## The task
Of the lines below, write out exactly those from the line with "Lilac Leopard Clear Case Insert" through the line with "Strzeszyn, Strzeszyn, 538, mapa Strzeszyn", both included, and skip the rest.

>>

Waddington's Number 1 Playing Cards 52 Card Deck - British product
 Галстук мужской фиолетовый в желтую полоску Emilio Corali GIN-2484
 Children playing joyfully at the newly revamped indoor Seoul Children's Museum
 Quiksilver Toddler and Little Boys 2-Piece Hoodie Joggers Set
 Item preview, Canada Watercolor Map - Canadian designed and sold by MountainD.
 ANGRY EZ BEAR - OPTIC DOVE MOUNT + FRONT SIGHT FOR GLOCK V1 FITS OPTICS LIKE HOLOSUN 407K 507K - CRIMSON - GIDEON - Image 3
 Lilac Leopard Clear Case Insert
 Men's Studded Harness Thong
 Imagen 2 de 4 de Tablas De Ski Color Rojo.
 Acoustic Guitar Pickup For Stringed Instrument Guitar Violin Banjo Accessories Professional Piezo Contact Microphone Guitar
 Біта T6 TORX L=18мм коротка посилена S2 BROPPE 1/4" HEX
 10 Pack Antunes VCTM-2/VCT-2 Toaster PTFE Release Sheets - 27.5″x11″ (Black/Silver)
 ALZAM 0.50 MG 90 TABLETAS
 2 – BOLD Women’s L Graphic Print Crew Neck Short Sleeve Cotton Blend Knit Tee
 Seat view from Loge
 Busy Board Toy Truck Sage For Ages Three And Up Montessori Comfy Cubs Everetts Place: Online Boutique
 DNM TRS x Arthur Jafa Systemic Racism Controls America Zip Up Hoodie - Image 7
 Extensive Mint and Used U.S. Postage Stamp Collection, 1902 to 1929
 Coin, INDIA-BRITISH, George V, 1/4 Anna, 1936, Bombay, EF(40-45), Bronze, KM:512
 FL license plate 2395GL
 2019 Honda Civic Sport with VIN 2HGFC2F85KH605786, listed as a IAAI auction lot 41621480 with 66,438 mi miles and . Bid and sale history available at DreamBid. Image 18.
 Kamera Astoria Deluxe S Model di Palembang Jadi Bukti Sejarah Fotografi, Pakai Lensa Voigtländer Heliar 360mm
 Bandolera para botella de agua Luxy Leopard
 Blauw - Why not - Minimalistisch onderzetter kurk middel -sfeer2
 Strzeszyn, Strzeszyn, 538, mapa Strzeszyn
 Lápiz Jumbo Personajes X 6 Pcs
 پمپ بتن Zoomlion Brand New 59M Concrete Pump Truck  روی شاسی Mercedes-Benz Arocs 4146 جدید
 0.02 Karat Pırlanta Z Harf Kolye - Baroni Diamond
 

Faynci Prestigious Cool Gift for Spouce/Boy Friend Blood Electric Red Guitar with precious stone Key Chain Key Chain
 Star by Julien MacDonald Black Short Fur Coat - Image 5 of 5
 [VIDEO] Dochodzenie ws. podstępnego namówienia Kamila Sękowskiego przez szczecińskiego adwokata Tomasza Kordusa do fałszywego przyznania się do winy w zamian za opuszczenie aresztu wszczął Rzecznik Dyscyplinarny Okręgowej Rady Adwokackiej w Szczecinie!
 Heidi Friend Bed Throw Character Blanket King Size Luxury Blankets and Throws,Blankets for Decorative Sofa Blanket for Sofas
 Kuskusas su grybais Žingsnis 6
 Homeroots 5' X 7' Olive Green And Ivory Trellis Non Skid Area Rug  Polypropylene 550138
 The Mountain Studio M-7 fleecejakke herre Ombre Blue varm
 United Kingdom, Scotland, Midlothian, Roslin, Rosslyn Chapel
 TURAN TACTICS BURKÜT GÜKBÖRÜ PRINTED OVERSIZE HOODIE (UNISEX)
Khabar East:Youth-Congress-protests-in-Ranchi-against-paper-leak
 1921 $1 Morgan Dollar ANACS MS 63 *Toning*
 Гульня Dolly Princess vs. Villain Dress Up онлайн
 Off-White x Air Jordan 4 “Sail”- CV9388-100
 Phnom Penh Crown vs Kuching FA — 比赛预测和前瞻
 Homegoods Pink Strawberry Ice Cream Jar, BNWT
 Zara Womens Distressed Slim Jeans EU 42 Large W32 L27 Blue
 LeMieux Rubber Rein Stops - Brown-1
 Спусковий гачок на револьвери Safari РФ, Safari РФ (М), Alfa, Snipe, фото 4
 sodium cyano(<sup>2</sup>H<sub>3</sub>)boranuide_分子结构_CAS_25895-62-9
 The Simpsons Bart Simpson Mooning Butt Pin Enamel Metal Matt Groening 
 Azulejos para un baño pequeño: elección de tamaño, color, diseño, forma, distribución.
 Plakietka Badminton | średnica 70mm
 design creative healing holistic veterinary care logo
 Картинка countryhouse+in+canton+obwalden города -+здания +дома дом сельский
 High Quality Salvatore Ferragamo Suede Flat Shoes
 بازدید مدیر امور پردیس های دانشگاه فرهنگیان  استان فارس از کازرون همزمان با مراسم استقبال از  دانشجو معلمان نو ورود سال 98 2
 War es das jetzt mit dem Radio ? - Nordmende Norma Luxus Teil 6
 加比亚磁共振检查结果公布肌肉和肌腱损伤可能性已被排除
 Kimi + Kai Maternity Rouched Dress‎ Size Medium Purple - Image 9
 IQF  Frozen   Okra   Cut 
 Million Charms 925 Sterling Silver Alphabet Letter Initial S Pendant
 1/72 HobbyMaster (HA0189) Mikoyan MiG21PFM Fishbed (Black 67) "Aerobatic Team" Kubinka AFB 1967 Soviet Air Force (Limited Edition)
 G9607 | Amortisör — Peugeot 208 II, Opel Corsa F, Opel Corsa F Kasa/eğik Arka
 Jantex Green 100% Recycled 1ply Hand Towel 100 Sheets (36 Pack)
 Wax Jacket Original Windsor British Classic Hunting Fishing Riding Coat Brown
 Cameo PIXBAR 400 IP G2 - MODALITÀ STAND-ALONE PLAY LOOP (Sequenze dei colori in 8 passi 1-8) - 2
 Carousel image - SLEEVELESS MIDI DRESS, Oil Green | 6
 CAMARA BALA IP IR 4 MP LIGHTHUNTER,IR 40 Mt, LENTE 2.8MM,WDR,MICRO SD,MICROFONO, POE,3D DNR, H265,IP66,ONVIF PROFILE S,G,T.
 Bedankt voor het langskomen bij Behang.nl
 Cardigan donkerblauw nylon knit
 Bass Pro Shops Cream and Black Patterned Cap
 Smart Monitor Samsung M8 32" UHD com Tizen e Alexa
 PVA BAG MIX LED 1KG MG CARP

<<

## Reply
 Lilac Leopard Clear Case Insert
 Men's Studded Harness Thong
 Imagen 2 de 4 de Tablas De Ski Color Rojo.
 Acoustic Guitar Pickup For Stringed Instrument Guitar Violin Banjo Accessories Professional Piezo Contact Microphone Guitar
 Біта T6 TORX L=18мм коротка посилена S2 BROPPE 1/4" HEX
 10 Pack Antunes VCTM-2/VCT-2 Toaster PTFE Release Sheets - 27.5″x11″ (Black/Silver)
 ALZAM 0.50 MG 90 TABLETAS
 2 – BOLD Women’s L Graphic Print Crew Neck Short Sleeve Cotton Blend Knit Tee
 Seat view from Loge
 Busy Board Toy Truck Sage For Ages Three And Up Montessori Comfy Cubs Everetts Place: Online Boutique
 DNM TRS x Arthur Jafa Systemic Racism Controls America Zip Up Hoodie - Image 7
 Extensive Mint and Used U.S. Postage Stamp Collection, 1902 to 1929
 Coin, INDIA-BRITISH, George V, 1/4 Anna, 1936, Bombay, EF(40-45), Bronze, KM:512
 FL license plate 2395GL
 2019 Honda Civic Sport with VIN 2HGFC2F85KH605786, listed as a IAAI auction lot 41621480 with 66,438 mi miles and . Bid and sale history available at DreamBid. Image 18.
 Kamera Astoria Deluxe S Model di Palembang Jadi Bukti Sejarah Fotografi, Pakai Lensa Voigtländer Heliar 360mm
 Bandolera para botella de agua Luxy Leopard
 Blauw - Why not - Minimalistisch onderzetter kurk middel -sfeer2
 Strzeszyn, Strzeszyn, 538, mapa Strzeszyn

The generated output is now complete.